Top of DATA SECTION

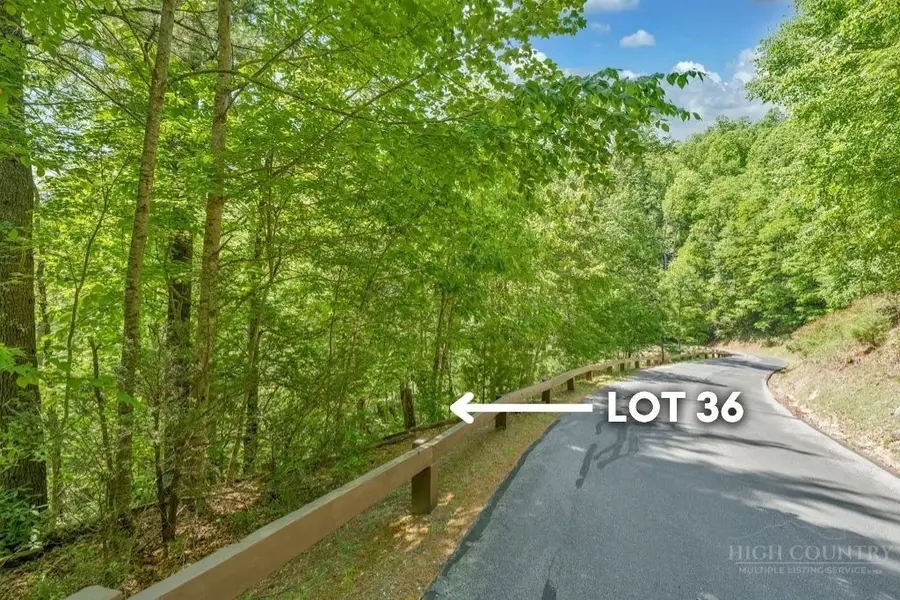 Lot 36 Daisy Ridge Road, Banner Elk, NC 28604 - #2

Bottom of DATA SECTION
Top of DATA SECTION

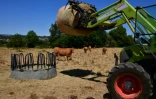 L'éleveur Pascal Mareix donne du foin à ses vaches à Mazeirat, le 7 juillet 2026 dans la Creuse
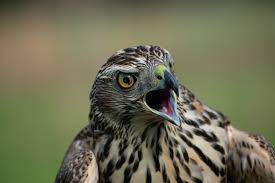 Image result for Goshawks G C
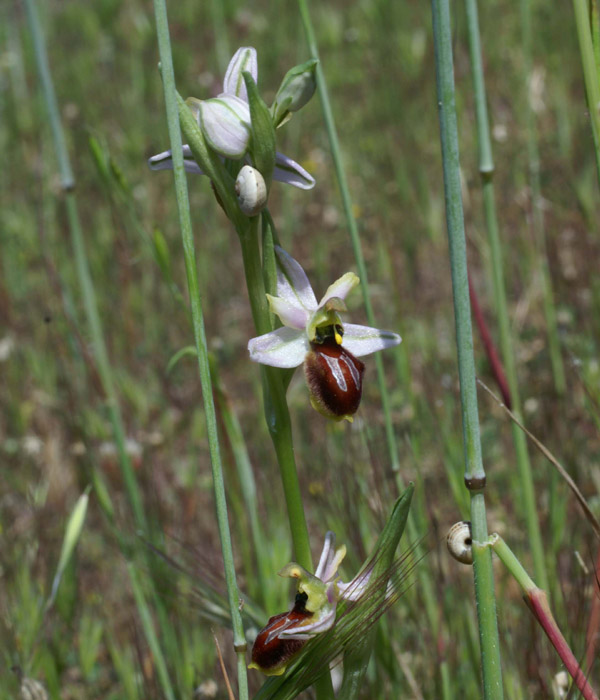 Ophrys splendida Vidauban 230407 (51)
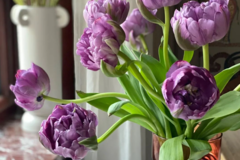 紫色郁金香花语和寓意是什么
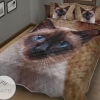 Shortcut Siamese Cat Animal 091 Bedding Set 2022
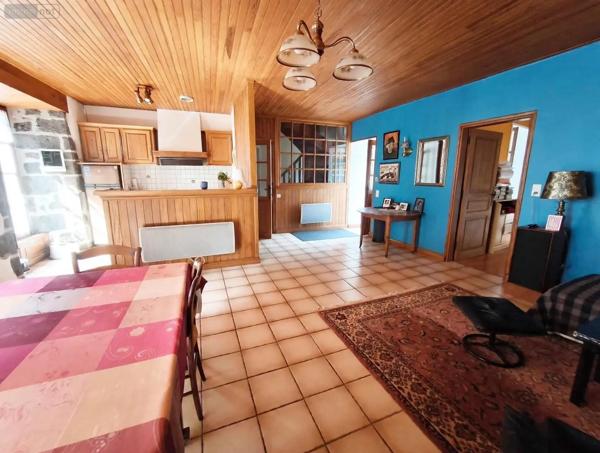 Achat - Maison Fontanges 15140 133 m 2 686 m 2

Bottom of DATA SECTION

◆ EXERCISE OBJECTIVE: Set the pictures aside and reproduce exactly the lines above, from the line holding "Image result for Goshawks G C" through the line holding "Achat - Maison", both included, with nothing else.

◆ OUTPUT BELOW:
 Image result for Goshawks G C
 Ophrys splendida Vidauban 230407 (51)
 紫色郁金香花语和寓意是什么
 Shortcut Siamese Cat Animal 091 Bedding Set 2022
 Achat - Maison Fontanges 15140 133 m 2 686 m 2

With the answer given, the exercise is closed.